I fell in love with Beijing all over again when my family came to stay and had the most wonderful week as their tour guide, showing them the best that Beijing has to offer. Due to the wonderful weather every day was perfect, so here is a day-by-day guide about how we made the most out of this beautiful city.

Day 1 – Yonghegong Lama Temple and Wudaoying Hutong

Mid-morning arrival – I had class in the morning, but went straight to the hotel to meet the family. They stayed at the Hilton Wangfujing, which while 40 minutes on the subway from PKU is a perfect location for sightseeing and getting around Beijing. Wangfujing is situated right next to the Forbidden City and Tiananmen, and handily is surrounded by lovely shops and restaurants.
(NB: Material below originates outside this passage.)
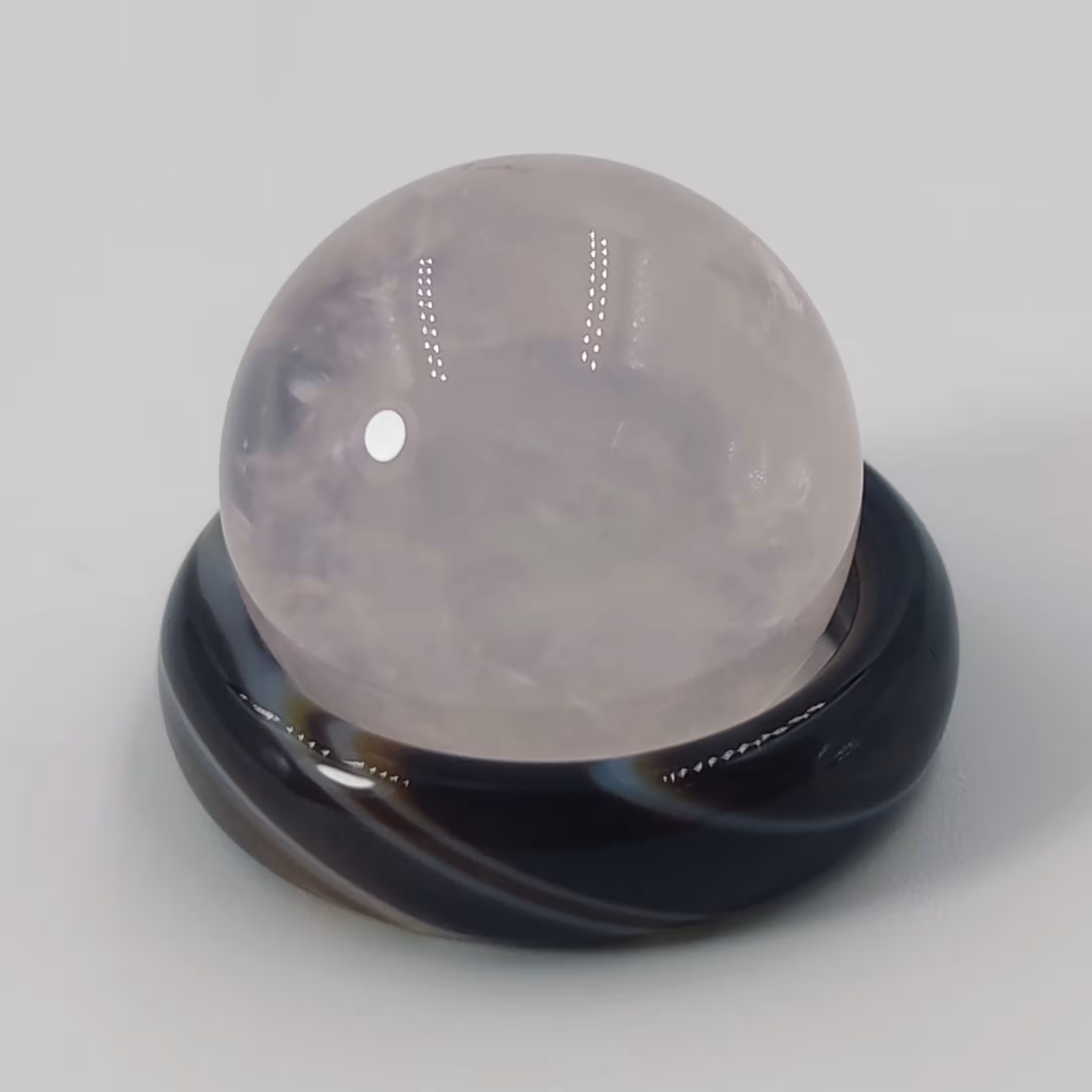 گوی از جنس سنگ رز کوارتز معدنی و طبیعی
Everyone was exhausted after the long flight (Harry didn’t sleep at all) so I thought it best to go somewhere fairly close and relaxing. The Yonghegong Lama Temple is somewhere I’d been meaning to visit after driving by it on many taxi rides, so it was lovely to be able to experience it for the first time with my family. We were given bundles of incense sticks with our entrance ticket and advised to burn 3 sticks at one time. The boys decided to burn all theirs in the first pit, which led to smoke-induced watery eyes and burnt hands, before we realised that they were meant to be rationed throughout the complex. After posing with the imposing bronze tigers, we visited the rest of the temple halls and ended our visit in a museum explaining the history of the temple and Buddhism in China.

Outside Yonghegong Lama Temple

Outside Yonghegong Lama Temple

Messing around with incense and lions

Messing around with incense and lions

Our next stop is a favourite – Wudaoying Hutong is a five-minute walk from the Yonghegong Lama Temple and is accessible by subway (Andingmen Station and Yonghegong Lama Temple take you to either end). The hutongs are an integral part of Beijing’s history and are basically long streets, lined with “siheyuans” or courtyard houses. Wudaoying Hutong is one of the better-kept hutongs, and is filled with cool coffee shops, cute craft stalls and lots of restaurants, varying from Western to Chinese, and vegetarian to sausage emporiums. We settled for a drink in Daily Routine before heading back to Wangfujing for a delicious Thai meal in the APM Mall next to the hotel.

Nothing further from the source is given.